Task item — Set down all of the entries below word for word, with the pictures left out.

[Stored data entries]
####################

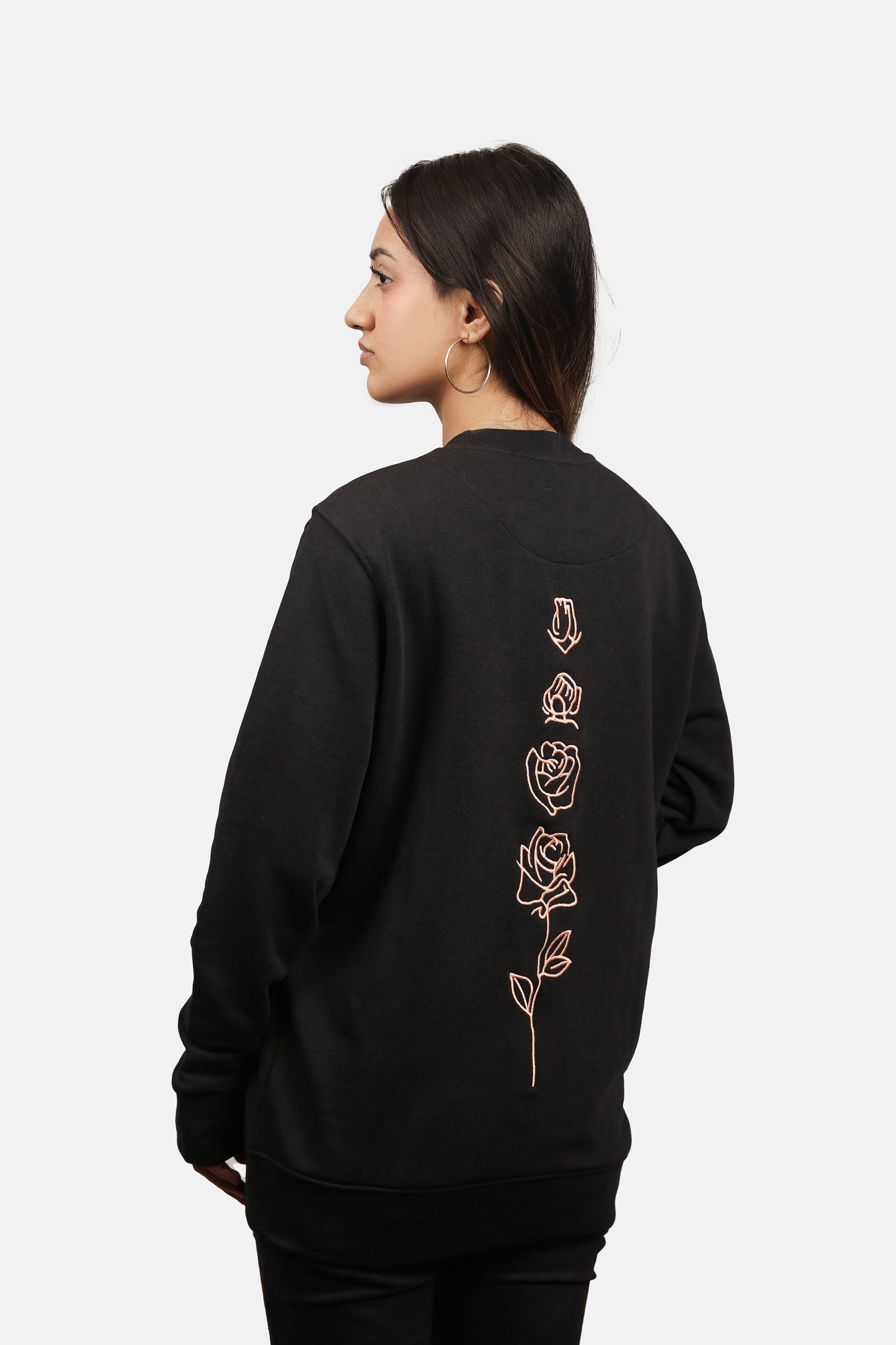 Blooming Pink Rose (Black) - AGHAAZ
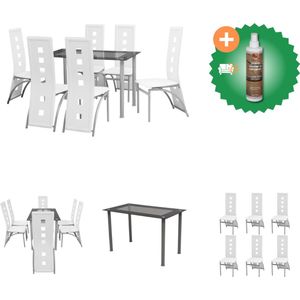 vidaXL Eetkamerset Wit 7-delige - Set tafel en stoelen - Inclusief Houtreiniger en verfrisser
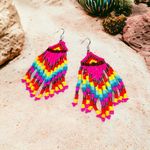 Bohemian Native American Style Fashion Minimalist Glass Beaded Earrings‎ Photo 3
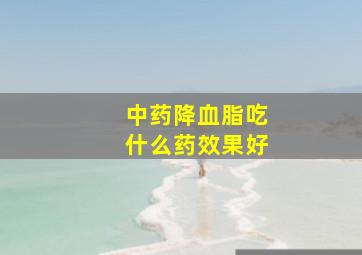 中药降血脂吃什么药效果好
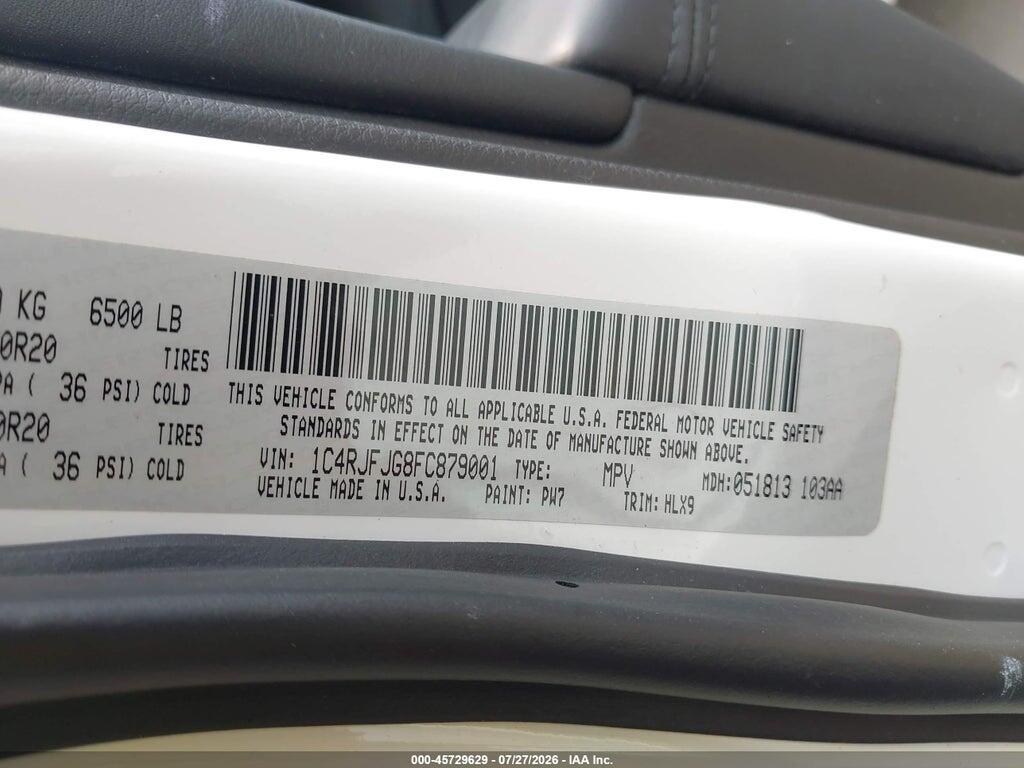 1C4RJFJG8FC879001 2015 JEEP GRAND CHEROKEE photo no. 9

####################

Answer to this task —
 Blooming Pink Rose (Black) - AGHAAZ
 vidaXL Eetkamerset Wit 7-delige - Set tafel en stoelen - Inclusief Houtreiniger en verfrisser
 Bohemian Native American Style Fashion Minimalist Glass Beaded Earrings‎ Photo 3
 中药降血脂吃什么药效果好
 1C4RJFJG8FC879001 2015 JEEP GRAND CHEROKEE photo no. 9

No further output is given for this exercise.